Table 4 DEA important metrics used in the work

In the NHN improvement applied via the DEA-ELM method the best accuracy score of 83.12% was achieved with Sigmoid AC and 89 NHN. When the highest best cost value was achieved, the number of repetitions was increased to verify this result. In addition, this dataset was tested using the Genetic Algorithm Wavelet Kernel ELM (GAWK-ELM) [5], which is another meta-heuristic optimization method. The parameters used in the GAWK-ELM method are given in Table 5 and the results of the method are given in Table 6.

Table 5 The parameters for the GA design
Table 6 GAWK-ELM results

As can be understood from the results of the GAWK-ELM method, the DEA-ELM method had higher classification accuracy. This is due to the fact that the DEA method is an iterative solution search-based heuristic search algorithm.

Whether the best cost value changed with excessive repetitions was evaluated. As a result, the best cost score accomplished was left consistent at 1900 and 2000 repetition numerals as referred in Table 3.

4 Discussion

Heart failure is a fatal disease that affects both the heart and the heart vessels and is the most important cause of death worldwide. Therefore, the early detection of heart diseases is very important. As a result, ECG classification has become a critical area of study over the last 20 years [2]. In this section a benchmark regarding automated ECG analysis systems, which is shown in Table 7, among the recommended technique and the ultimately concerned works considering the prominent parameters, such as techniques, databases, classes and attributes type is discussed.

Table 7 Classification performance of the proposed method and comparison with other studies

The offered DEA-ELM procedure for the improved NHN of the ELM is completely unique compared to former techniques and is an innovative method in this area. In this study, low accuracy performance was achieved due to the low number of signals used. The sensitivity and specificity values in ELM can be misleading. Therefore, accuracy should be taken into consideration in the system evaluation. Consequently, some studies have reported low accuracy values when using the DEA-ELM. When a collation is accomplished taking notice of the coefficients in Table 4, the classification performance of DEA-ELM based on deep feature may be defined promising.

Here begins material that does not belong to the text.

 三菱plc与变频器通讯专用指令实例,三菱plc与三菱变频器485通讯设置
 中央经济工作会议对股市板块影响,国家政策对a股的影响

In Ref [65], two deep neural network architecture for the classification of arbitrary-length ECG samples were proposed and evaluated according to the atrial fibrillation (AF) classification data set provided by the PhysioNet/CinC Challenge 2017. Consequently, was found to outperform the first one, obtaining an F1 score of 82.1% on the hidden challenge testing set. In another ref. [46] a novel approach to automatically detect the MI using ECG signals was used. In the present study, a CNN algorithm was implemented for the automated detection of normal and MI ECG beats (with and without noise) and average accuracy of 93.53% and 95.22% using ECG beat with noise and noise removal respectively was obtained, respectively.

It should be emphasized that in this study only DEA-ELM was used for ECG classification yet the primary aim of this study was to advance the classification efficiency and improve NHN. Furthermore, it was determined that the classification efficiency of the ECG sample was increased via the DEA-ELM procedure as is shown in Figure 18. It must realized that system efficiency can be increased via different attributes taken by various domains such as temporal and deep learning. The experimental consequences showed that NHN is beneficial for ECG classification efficiency.

5 Conclusion

In this study, DEA-ELM, a recently improved procedure, was used for ECG classification. The proposed system was tested by operating the open access PTB Diagnostic database. Moreover, a comparisonwas achieved by considering major parameters from the point of the ECG analysis. The best classification scores were achieved with an accuracy of 81.50% via ELM. The best cost of 83.12% was achieved with the Sigmoid function, while the best classification results of 89 NHN were obtained with the DEA-ELM approach. The main aim of this study was to classify ECG with the DEA procedure that was optimized with ELM.